■ Problem requirements:
From the line containing "Funny Graduation Card, Lettuce" down to the final line of the entries below, quote every line verbatim. Exclude pictures.

■ Saved data entries:

□ □ □ □

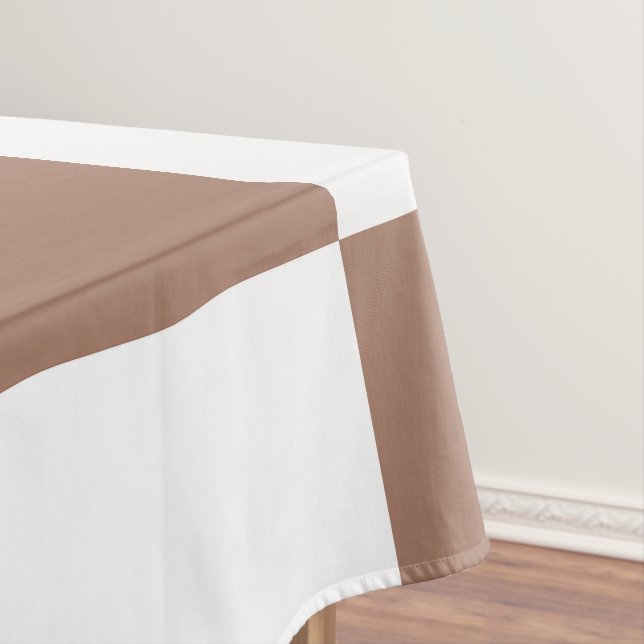 Toalha De Mesa Padrão verificado em branco e Mocha Mousse (Posição Original)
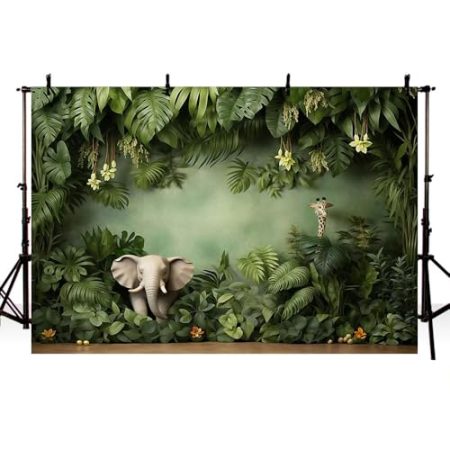 AIBIIN Fotohintergrund mit tropischem Dschungel, für Neugeborene, Babypartys, wilde Geburtstagsparty, grüne Palmenblätter, tropische Blumen, Foto-Zubehör, Requisiten, 2,1 x 1,5 m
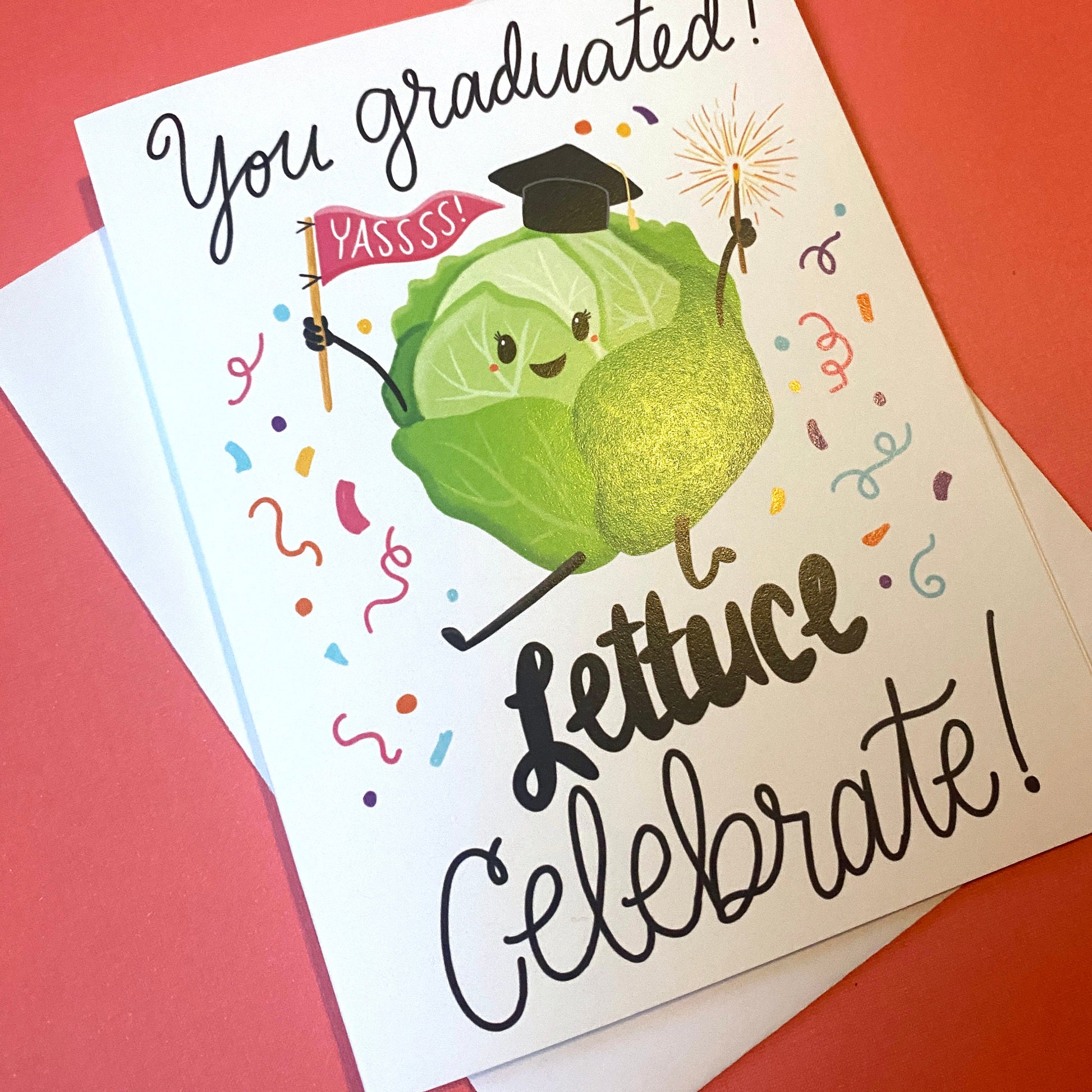 Funny Graduation Card, Lettuce Celebrate, Happy Graduation 2025, Congrats Grad Cards, High School Graduate, phd graduation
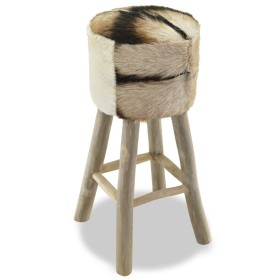 vidaXL Barhocker Echtleder und Teak Massivholz 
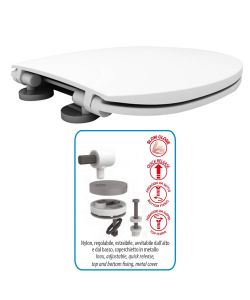 Saniplast Sedile WC Universale Bianco Termoindurente 37x45,6 cm Rallentato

□ □ □ □

■ Exercise answer:
 Funny Graduation Card, Lettuce Celebrate, Happy Graduation 2025, Congrats Grad Cards, High School Graduate, phd graduation
 vidaXL Barhocker Echtleder und Teak Massivholz 
 Saniplast Sedile WC Universale Bianco Termoindurente 37x45,6 cm Rallentato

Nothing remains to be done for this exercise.